Nach der Finanzkrise setzt die Inselrepublik wieder stärker auf die Landwirtschaft und auf Bioprodukte. Für die Bauern rechnet sich das kaum.

Man könnte meinen, auf den grünen Wiesen Irlands wachse das Gras von alleine. Doch wer James Grace auf seinem Hof im Süden des Landes besucht, lernt schnell, dass das mit dem Graswachstum eine Wissenschaft für sich ist. Jeden Sonntag läuft Grace seine 43 Weiden ab und misst, wie hoch die Halme gerade stehen. Die Werte trägt er in eine Tabelle auf seinem Computer ein. Sie zeigt ihm an, wo er seine Rinder in den nächsten Tagen am besten weiden lässt und wie viel er mähen kann, um Gras für den Winter zu trocknen.
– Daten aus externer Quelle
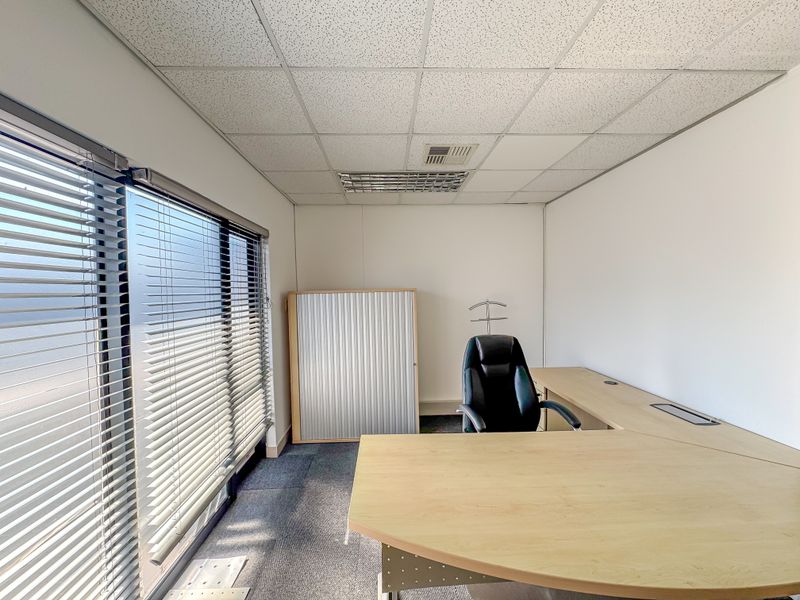 Commercial Space Available in Umhlanga Millennium Towers. - Photo 3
Außerdem nimmt Grace Bodenproben, analysiert, wie viel Dünger er ausbringen muss und welchen Anteil an Phosphor und Kalium der haben sollte. „Ich versuche, so viel Gras wachsen zu lassen, wie nur möglich“, sagt Grace. Denn je mehr davon auf seinen Wiesen wächst, desto mehr Rinder kann er füttern. Und desto eher kann er von seiner Arbeit leben.

"Food Harvest 2020" heißt der Plan der Regierung

Dabei sind die Ausgangsbedingungen hier im Süden Irlands für die Rinderzucht besonders gut. Die Grafschaft Kilkenny, in der Graces Hof liegt, ist bekannt für ihren fruchtbaren Boden. Die meisten Höfe sind seit Generationen in Familienbesitz. Etwa 120 000 Kleinbetriebe gibt es im Land. Die vom konservativen Premier Enda Kenny angeführte Regierung will den Agrarsektor in den kommenden sechs Jahren deutlich stärken. „Food Harvest 2020“, also Ernte 2020, hat sie ihren Masterplan genannt. Die Ziele sind hoch gesteckt: Die Exporte landwirtschaftlicher Produkte sollen jährlich um ein Drittel zulegen, so dass ihr Wert bis Ende 2020 die Marke von 12 Milliarden Euro erreicht. Der Export von Milchprodukten soll sich verdoppeln, und die Ausfuhren an Rindfleisch sollen um gut ein Fünftel ansteigen.

Bis in die achtziger Jahre war das Land durch die Landwirtschaft geprägt

Damit kehrt die Inselrepublik zu ihren Wurzeln zurück. Denn bevor die Regierung in den 1980er Jahren einen Strukturwandel einleitete, war die irische Volkswirtschaft durch die Landwirtschaft geprägt. 80 Prozent des Landes ist Grasland, auf dem sich besonders gut Rinder, Kühe und Schafe halten lassen. „Die Landwirtschaft ist Irlands ältester Wirtschaftszweig“, sagt Aidan Cotter, Chef der irischen Lebensmittelbehörde Bord Bia. Doch das sei in den vergangenen Jahrzehnten etwas in Vergessenheit geraten. Weil immer mehr internationale Konzerne ins Land kamen, verloren die Jobs in der Landwirtschaft an Bedeutung und Ansehen. Als dann auch noch die Banken im großen Stil nach Dublin zogen und einen Bauboom finanzierten, ging es dem Land so gut, dass der Begriff des „keltischen Tigers“ die Runde machte.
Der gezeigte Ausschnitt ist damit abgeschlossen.